For a business leader, this superior performance translates into tangible benefits. Wang notes that high scores on these benchmarks indicate the agent is "more stable, accurate, and actionable on real-world, long-horizon, tool/knowledge-intensive tasks." In practice, this means faster access to reliable research reports for tasks like competitive market analysis or supply chain monitoring, which depend on "multi-source data aggregation, cross-validation of signals, and fast knowledge refresh," Wang said. However, for high-stakes applications, he recommends a human-in-the-loop setup for risk control, "with human review and approval at critical decision points."

For the enterprise, AgentFounder-30B demonstrates a practical path toward state-of-the-art deep research agents that can be deployed on-premise, offering greater control and security. More importantly, the Agentic CPT framework changes the calculus for developing custom AI. The training pipeline can be tailored to an organization's internal tools and proprietary data sources, enabling the development of highly customized AI agents.

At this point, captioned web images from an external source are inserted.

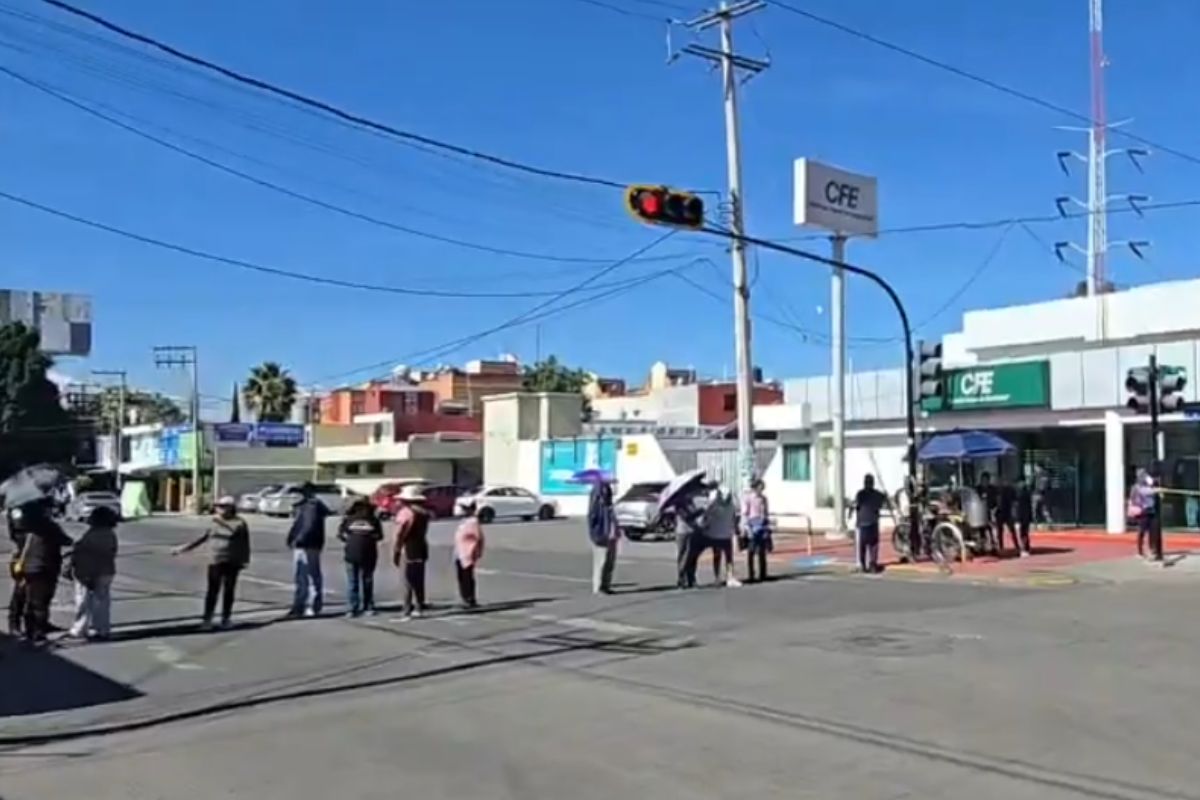 Exigen suministro de agua vecinos de Granjas del Sur y Mayorazgo; bloquean 16 de Septiembre 2 Vecinos de Granjas del Sur bloquean 16 de Septiembre y bulevar Municipio Libre para exigir suministro de agua | Foto: Cortesía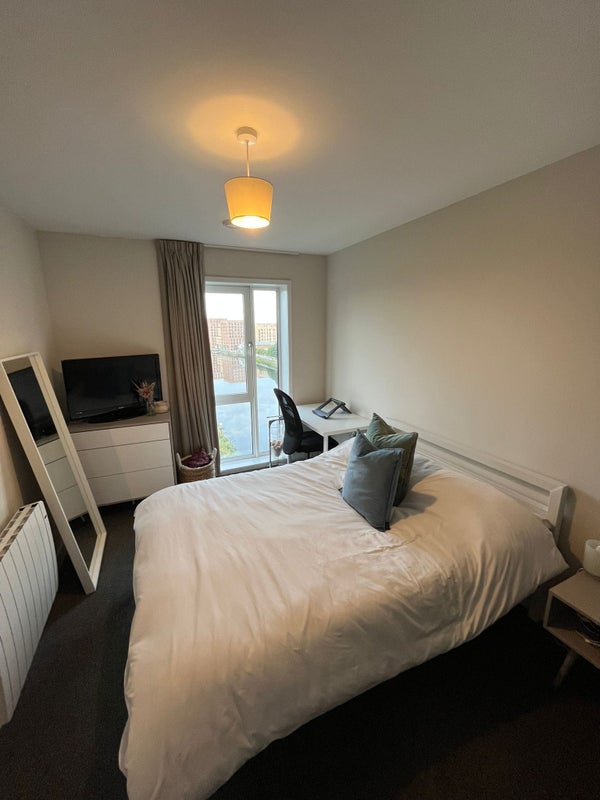 'Room Available In Castlefield' Room to Rent from SpareRoom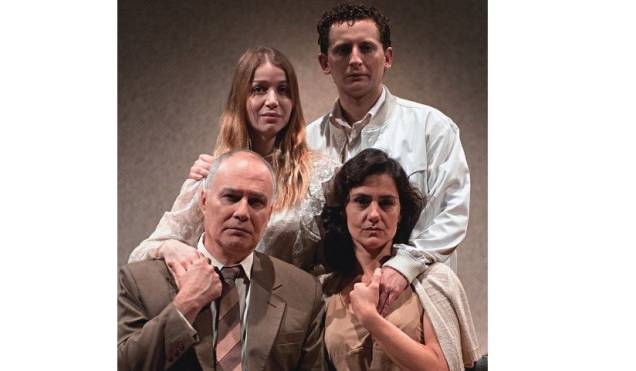 Renata Guida, Ed Moraes, Lavínia Pannunzio e João Bourbonnais em Um Verão Familiar Renata Guida, Ed Moraes, Lavínia Pannunzio e João Bourbonnais em Um Verão Familiar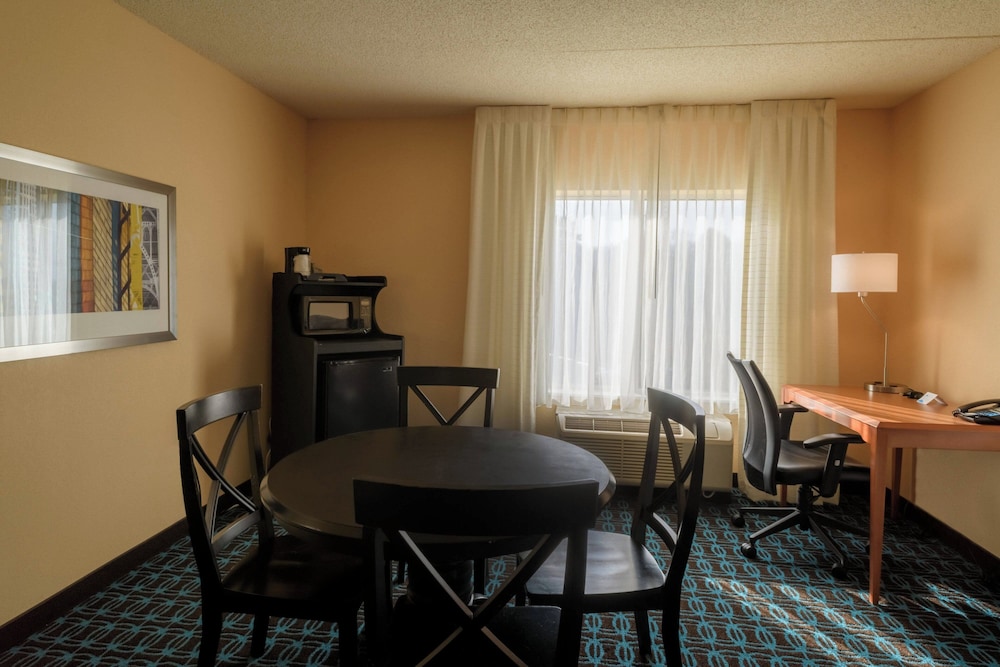 Fairfield Inn Suites Kennett Square Brandywine Valley 25/29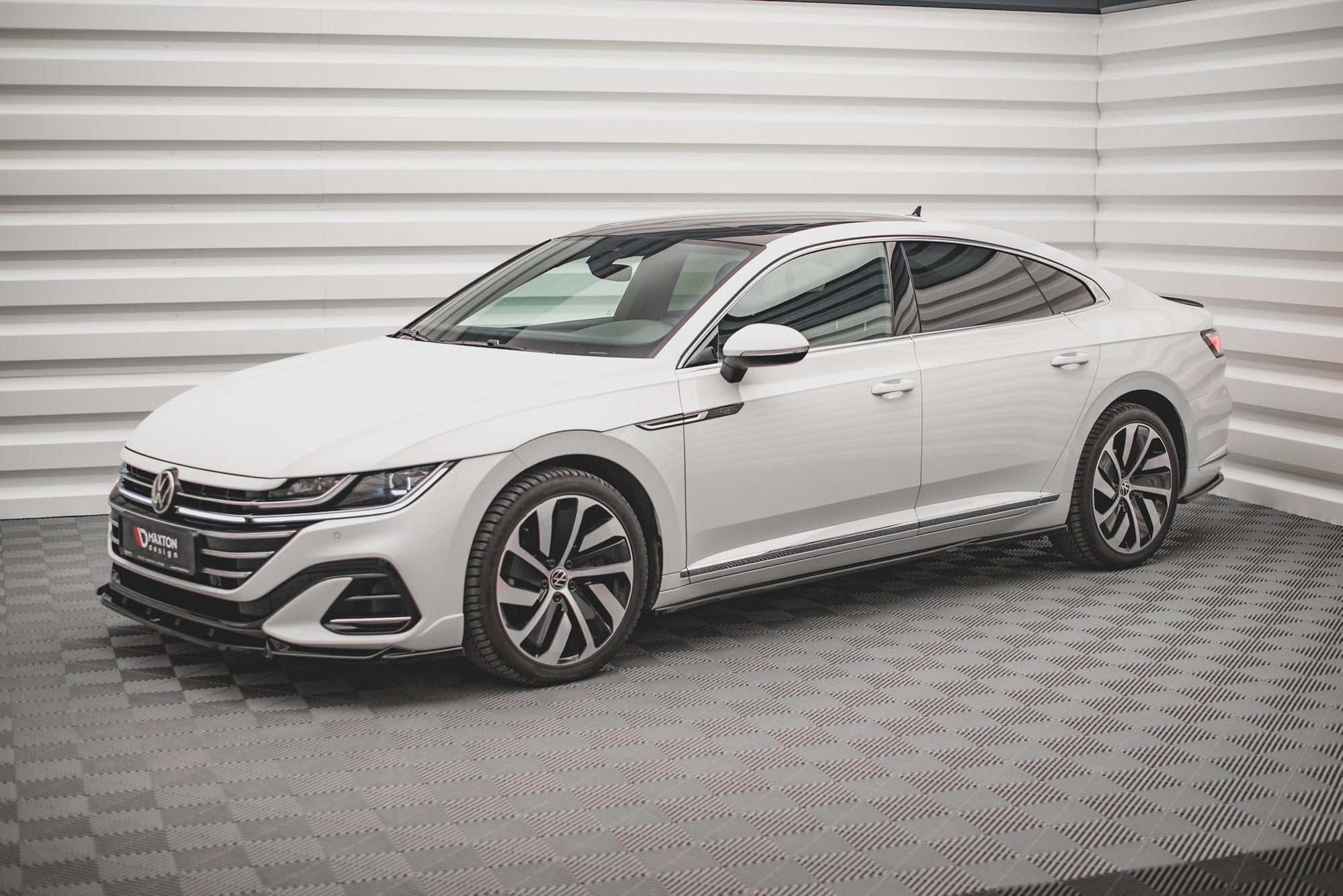 Sarja jakautujia Volkswagen Arteon R-Line-kasvojenkorotus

According to Wang, this approach makes building specialized agents a much faster and more affordable process. "With a strong pre-aligned agentic base model, enterprises can perform light adaptation using their in-domain corpora and proprietary tools to rapidly build domain-specific agents, such as for financial analysis or pharmaceutical research," he said. "This approach is feasible in both cost and timeline for most companies." Looking forward, this could mean that as agentic capabilities become native to foundation models, many complex tasks may be solvable with simple prompt engineering alone.